Justice Stevens Announces RetirementAbner S. Greene in Fox News Live Shots Blog, April 09, 2010
April 9, 2010 - 11:07 AM | by: Lee Ross
In a move that was widely expected, Supreme Court Justice John Paul Stevens announced his intention to resign from the high court in a letter to President Obama dated Friday. Stevens resignation gives Obama his second opportunity to make a lifetime appointment to the Supreme Court and sets up a near certain Senate confirmation battle this summer.
In his letter to the president, Stevens concluded that “it would be in the best interests of the Court to have my successor appointed and confirmed” before the next high court term starts in October. He will remain on the bench through the end of the current term which is likely end in late June.
Stevens has been on the bench longer than any other current member of the Supreme Court and was a federal appellate judge in Chicago in 1975 when President Gerald Ford picked him for the high court.
Chief Justice John Roberts issued a statement Friday saying Stevens “has enriched the lives of everyone at the Court through his intellect, independence, and warm grace. “
Stevens impact in the bench was immediate as his vote helped forge a narrow majority to reinstate the death penalty.

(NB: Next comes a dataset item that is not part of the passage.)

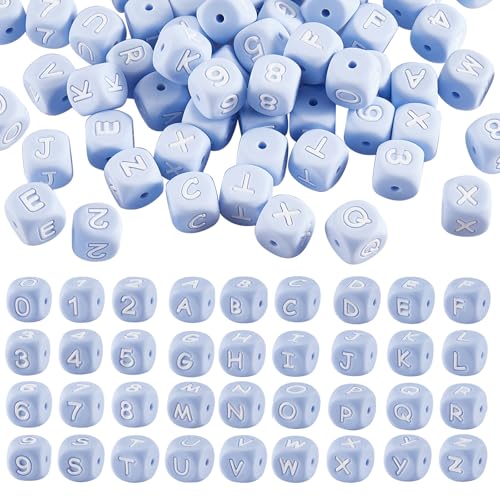 LEGENTLISUR 108 Stück Silikon Buchstaben Zahlenperlen 12mm Quadratische Würfel Alphabet Lose Perlen Für Freundschaftsarmbänder Wörter Schlüsselanhänger Schmuck Basteln DIY Projekte (Blau) von LEGENTLISUR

But by 2008, Stevens concluded the way capital punishment was carried out by states was pointless and "patently excessive and cruel and unusual punishment."
It was “a conclusion that the stable ground that he thought he found early on wasn't proving as stable as he would have liked," Stewart Baker, a former Stevens law clerk told Fox News.
Stevens was born in 1920 and raised in his beloved hometown of Chicago. His family ran the old Stevens Hotel on Michigan Avenue until the Great Depression knocked them out of business. In between his college studies at the University of Chicago and Northwestern Law School where he finished first in his class he served in the U.S. Navy during World War II. He was awarded a bronze star for his work as part of the famous Codebreakers stationed in Hawaii.
In 1947, Stevens did a one year clerkship for Justice Wiley Rutledge. A man Stevens would later call a hero. It is perhaps because of this experience that Stevens would make sure he engaged his clerks in the day-to-day operations of the Court.
“That may not sound that unusual but in many of the other chambers,” observed Abner Greene, a former clerk and now law professor at Fordham University. “A lot of work was done by memo writing. The clerks would write memos to the justice. There would be set meetings every week to talk to the justice. But with Justice Stevens, it was an on-going legal discussion. Which is the best opportunity"
While Stevens has remained a prolific writer, his voice on the Court didn't really emerge until the 1990's when he became the longest-serving associate justice. This position--second only to the Chief Justice in influence--allowed him to craft close majorities in dozens of cases. This skill enabled Stevens to pick up the crucial fifth vote in a string of War on Terror cases from 2004-2008 challenging the Bush Administration's handling of terror suspects at Guantanamo Bay.
"In all of those cases, it's Justice Stevens who is assigning the opinion to Justice Kennedy. It's not like Justice Kennedy walks in and picks it up,” Green observed.
Stevens is known for his intellect and even temperament and as a rabid Chicago Cubs fan who a few years ago threw out the ceremonial first pitch at Wrigley Field. And he was there in 1932 as a 12 year old boy and saw Babe Ruth hit his famous "called shot" home run in the World Series.
"He really did it. There's no doubt about it,” Stevens said several years ago. “I saw it and I remember it. Of course, there are millions of people who claim to have been here. But I really was."
In 2000, the Supreme Court was called upon to effectively decide that year's presidential election. Stevens came out on the short end of that decision. "Although we may never know with complete certainty the identity of the winner of this year's Presidential election, the identity of the loser is perfectly clear. It is the Nation's confidence in the judge as an impartial guardian of the rule of law."
In recent years, Stevens maintained that his conservative principles never changed during his time on the Court. Rather it was the justices around him and perhaps the country too that became more conservative than he.